127 Minn. 238 | Minn. | 1914

Hallam:, J.

Plaintiff and defendant are father and son. Plaintiff, the father, owned a 200-acre farm in Watonwan county. One year he rented it to the defendant, his son. They did not agree, and the next year a mutual friend, Charles Duryea, interceded, rented the land of the father and sublet it to the son. This arrangement was followed for two seasons. Toward the end of the second season, and in September, 1911, the father announced to Duryea that he was going to sell the farm. Duryea urged him to give his son the first chance to buy. The father remonstrated at first, stating that the son could never pay for it, hut, at the instance of Duryea, consented to meet with the son and talk it over. They met. Plaintiff testified that as a result of the interview he said to his son: “I will give you a chance up to the fall, and if we can get along togedder, I sell you the farm at $55 an acre, and if we can’s get along, then I says you have to pay rent. * * * If he got it * * * I say you have to pay me * * * every year $600 * * * ■ interest * * * he have to pay me 5 per cent * * * I tell him dis way, if we go and make papers out, a deed, that we make it that way that he never could sell the land or put a mortgage on it * * * and when he is dead it goes to the children.”

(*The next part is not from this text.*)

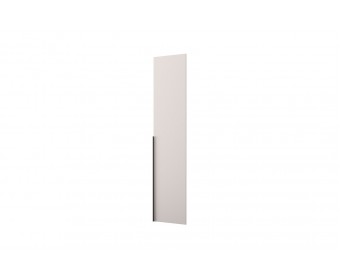 TETRA Дверь 50/232 GLD. Цвет ПЕРСИДСКИЙ ЖЕМЧУГ
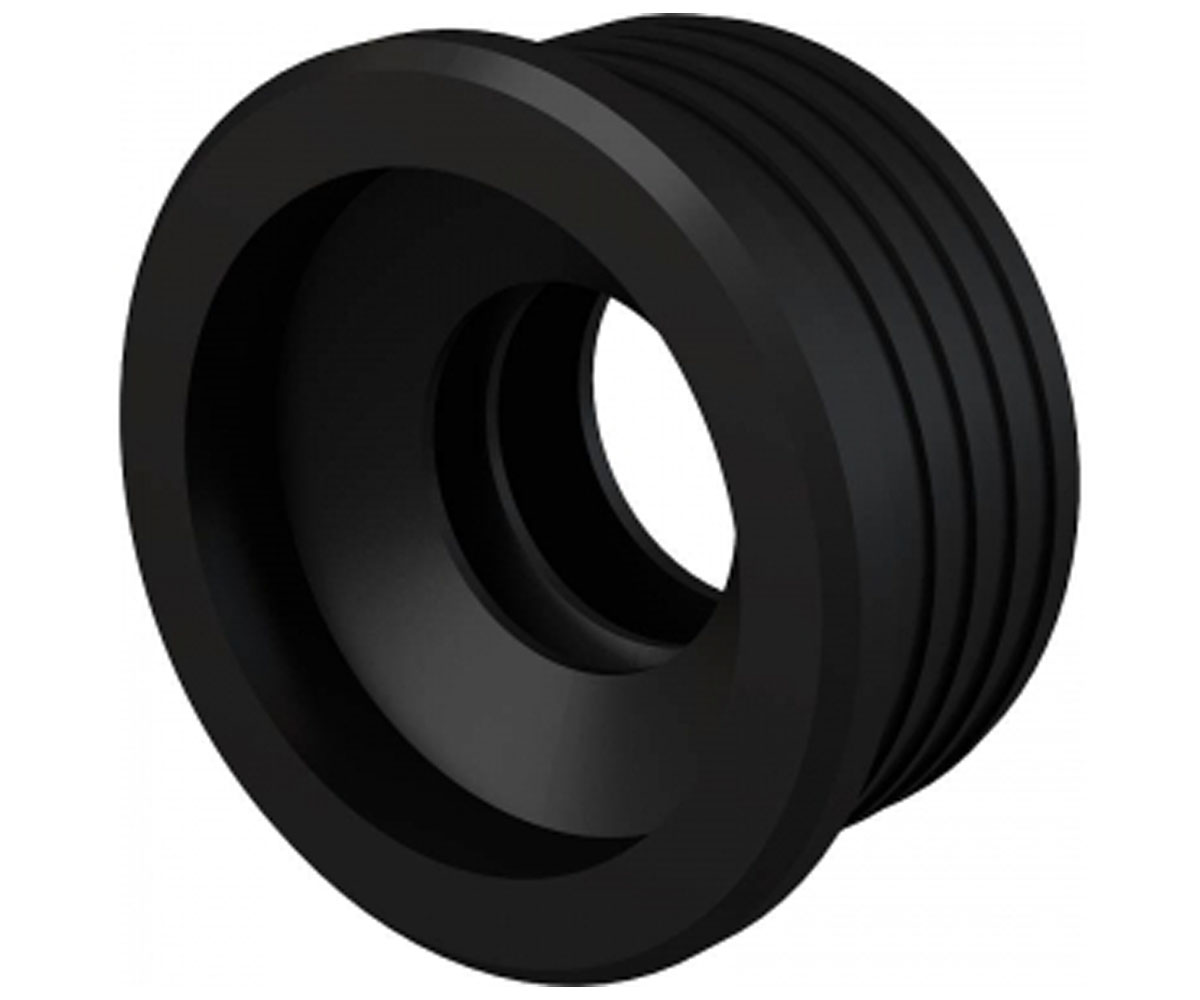 Гофрована прокладка 40/32 ALCAPLAST  Z0003-ND Z0003-ND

The son testified that the agreement, though verbal, was an absolute and present agreement to sell the farm for $55 an acre, payable $750 a year, without interest, the first payment to he made in the fall of' 1912. He admits, however, that a contract was to be drawn when the first payment was made and that the land was to go to the children after his death. The son continued in possession during the season of 1912 under this agreement. Father and son disagreed and the father notified the son early in the season that he could not have the farm, and in September sold the farm to other parties, Hanson and Wenstrum, and later commenced this action in ejectment. The defense is that an oral contract of sale was made and that there was such part performance as to take the case out of the *240statute of frauds. The court found that no contract was made. Defendant asks us to set aside this finding as not sustained by the evidence.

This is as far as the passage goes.